All schools of yoga place special emphasis on the control of the senses, while some traditional schools are even more strict in their adherence to renunciation. Though most people are creatures of habit, we also fall weakness to this constant desire for something *new*.  It’s this particular desire that some would argue leads to detrimental behaviors (check out the Buddhist take on suffering), then again, could it just be a motivation for constant innovation?  Always wanting something new, means someone’s gotta make it, right?

As human beings, something that should give us great power is our ability to contemplate our instincts, rather than simply carry them out.  Thing is, that doesn’t always happen.  The majority of our brain is ancient, having evolved from the lizard and monkey days (scroll down to “Got Science”), so trumping their sometimes overpowering messages can be a challenge.

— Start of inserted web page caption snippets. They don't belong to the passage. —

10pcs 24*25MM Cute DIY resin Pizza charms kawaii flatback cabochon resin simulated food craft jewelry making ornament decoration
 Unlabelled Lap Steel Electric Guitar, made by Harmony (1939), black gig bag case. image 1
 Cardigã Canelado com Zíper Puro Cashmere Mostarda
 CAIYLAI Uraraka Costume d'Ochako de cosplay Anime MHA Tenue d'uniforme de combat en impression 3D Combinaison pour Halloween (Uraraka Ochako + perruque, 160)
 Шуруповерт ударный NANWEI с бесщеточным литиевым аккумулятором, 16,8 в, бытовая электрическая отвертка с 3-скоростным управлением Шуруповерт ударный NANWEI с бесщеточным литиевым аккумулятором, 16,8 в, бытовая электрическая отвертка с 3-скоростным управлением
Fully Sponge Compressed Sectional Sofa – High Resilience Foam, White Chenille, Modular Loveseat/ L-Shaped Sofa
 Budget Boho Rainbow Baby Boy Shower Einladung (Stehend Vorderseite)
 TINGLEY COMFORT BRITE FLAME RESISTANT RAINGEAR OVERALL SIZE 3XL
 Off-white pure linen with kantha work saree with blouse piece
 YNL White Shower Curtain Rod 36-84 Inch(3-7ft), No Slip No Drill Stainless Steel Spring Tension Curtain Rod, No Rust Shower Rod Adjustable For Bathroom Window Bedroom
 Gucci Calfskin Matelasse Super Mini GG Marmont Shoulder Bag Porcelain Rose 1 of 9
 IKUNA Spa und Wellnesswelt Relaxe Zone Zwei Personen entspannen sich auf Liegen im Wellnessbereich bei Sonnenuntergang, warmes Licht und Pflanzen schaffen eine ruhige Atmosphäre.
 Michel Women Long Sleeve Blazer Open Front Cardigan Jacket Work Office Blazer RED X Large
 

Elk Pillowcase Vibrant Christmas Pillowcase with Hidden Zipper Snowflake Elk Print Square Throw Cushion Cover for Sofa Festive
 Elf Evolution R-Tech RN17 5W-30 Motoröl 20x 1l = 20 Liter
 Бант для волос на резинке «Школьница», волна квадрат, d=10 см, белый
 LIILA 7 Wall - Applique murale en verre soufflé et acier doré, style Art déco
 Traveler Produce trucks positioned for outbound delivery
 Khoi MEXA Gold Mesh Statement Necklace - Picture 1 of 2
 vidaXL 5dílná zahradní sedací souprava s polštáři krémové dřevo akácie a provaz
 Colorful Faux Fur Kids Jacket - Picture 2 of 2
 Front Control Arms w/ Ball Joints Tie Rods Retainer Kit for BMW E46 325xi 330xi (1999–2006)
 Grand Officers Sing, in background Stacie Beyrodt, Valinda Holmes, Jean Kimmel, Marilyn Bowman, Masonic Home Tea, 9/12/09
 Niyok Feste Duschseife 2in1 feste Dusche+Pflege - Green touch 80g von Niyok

So what do we do with these instincts for survival, for happiness over suffering, for pure pleasure, which is sometimes so unhealthy, it just shouldn’t be indulged?

Loving my pie. Ain't nothin' wrong.

As a few examples:

Imagine someone’s feeling of importance or success when they’ve fully dominated a conversation.  It may instantly fulfill a survival instinct, but they’ve probably come across as a cock.  And there goes that group of potential friends!

Or, we may find incredible sensory satisfaction through activities like overeating or promiscuity, but what long-term consequences does that have on our bodies, or our psyches for that matter?  Our brains are programmed to enjoy salt, sugar and fat (basically to avoid starvation), but eating too much of that just ain’t good for you.  Scientific fact.

Enticing.

Life should be enjoyed, but to what extent?  And what exactly informs our tastes?  I love yoga, but does that mean I should make that a career?  I love to eat chocolate, but am I allowed a nibble everyday?

These are questions I often ponder, being a bit of a hedonist and a lot of a yogi these days.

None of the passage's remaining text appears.